吴昂¹, 吴莹², 李国俊¹, 李旭斌¹, 张治民¹

1. 中北大学材料科学与工程学院太原 030051;
2. 晋西工业集团有限责任公司质检中心太原 030027

收稿日期:2019-06-06 修回日期:2019-09-07 出版日期:2019-12-20 发布日期:2020-02-18
通讯作者: 李国俊(通信作者),男,1969年出生,教授级高工,硕士研究生导师。主要研究方向为轻合金精密塑性成形技术。E-mail:liguojun@126.com
作者简介:吴昂,男,1994年出生。主要研究方向为轻合金精密塑性成形技术。

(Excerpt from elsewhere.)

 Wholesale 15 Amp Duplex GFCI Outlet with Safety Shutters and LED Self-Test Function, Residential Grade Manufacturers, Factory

E-mail:wuang1040@163.com

Process Design and Multi-geometric Parameter Optimization of Large Cones Based on Response Surface Methodology

WU Ang¹, WU Ying², LI Guojun¹, LI Xubin¹, ZHANG Zhimin¹

1. School of Material Science and Engineering, North University of China, Taiyuan 030051;
2. Quality Testing Center, Jinxi Industry Group Co., Ltd., Taiyuan 030027

Received:2019-06-06 Revised:2019-09-07 Online:2019-12-20 Published:2020-02-18

摘要/Abstract

摘要： 提出一种适用于大型锥形件的缩口成形方法，通过主应力法对该缩口成形时的轴向缩口力与标准直壁锥形件的缩口力进行对比，得出了最佳成形方案。并基于Deform和响应曲面法讨论了该成形模具中缩口凹模母线弦高χ、内壁直空比l/h和毛坯壁厚S₀、变壁厚尺寸λ分别对缩口件高度和缩口成形力的影响，得到了两个响应变量分别关于四个自变量的回归预测模型，优化出凹模内直空结构和毛坯的最佳几何结构参数，最后通过物理试验得到验证。结果表明：当χ=6.9 mm、l/h=0.3、S₀=29.5 mm、λ=4.8 mm时，毛坯在缩口过程中未发生失稳，实时最大缩口力为1 920 kN，测量缩口件高度为1 108 mm，与模型预测结果误差均小于10%，说明了该工艺方案中缩口凹模和毛坯结构参数的可行性，其成形工艺及模具结构形式将为大型锥形产品的缩口成形提供理论指导。

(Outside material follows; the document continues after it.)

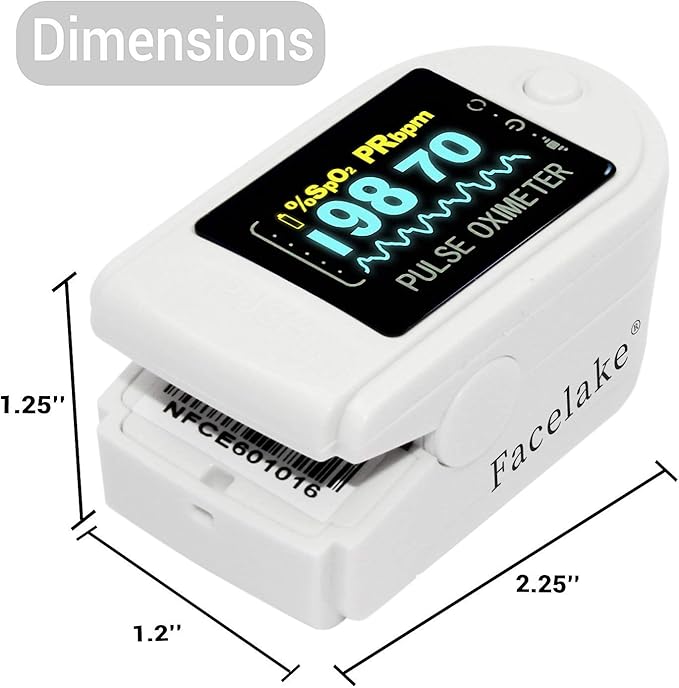 FL400 Pulse Oximeter with Neck/wrist Cord, Carrying Case and Batteries- White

关键词: 锥形件, 缩口成形, 缩口力, 缩口件高度, 响应曲面

Abstract: A necking forming method suitable for large conical parts is presented in this paper, the axial necking force of the necking forming is compared with the necking force of the standard straight wall cone by the principal stress method and the best forming scheme is obtained. And based on Deform and Response Surface Method, the effects of the generatrix chord height χ of the necking die, the ratio of straight part and space part l/h and workpiece wall thickness S₀, the size of variable wall thickness λ on the height of the formed part and the necking forming force are respectively discussed. Then, regression prediction model with two response variables for each of the four independent variables is obtained and the best geometric parameters of the straight & space structure and the workpiece is optimized. Finally, it is verified by physical experiments. The results show that when χ=6.9 mm, l/h=0.3、S₀=29.5 mm, λ=4.8 mm, the workpiece does not destabilize during the necking process, the maximum necking force is 1 920 kN, and the measured formed part height is 1 108 mm, the error with the model prediction result is less than 10%, which indicates the feasibility of the necking die and workpiece structural parameters in the process scheme. The forming process and the die structure will provide theoretical guidance for the necking forming of large cone products.

Key words: cone part, necking forming, necking force, formed part height, response surface

中图分类号:

TG312

吴昂, 吴莹, 李国俊, 李旭斌, 张治民. 基于响应曲面法的大型锥形件缩口成形工艺设计及多几何参数优化[J]. 机械工程学报, 2019, 55(24): 83-92.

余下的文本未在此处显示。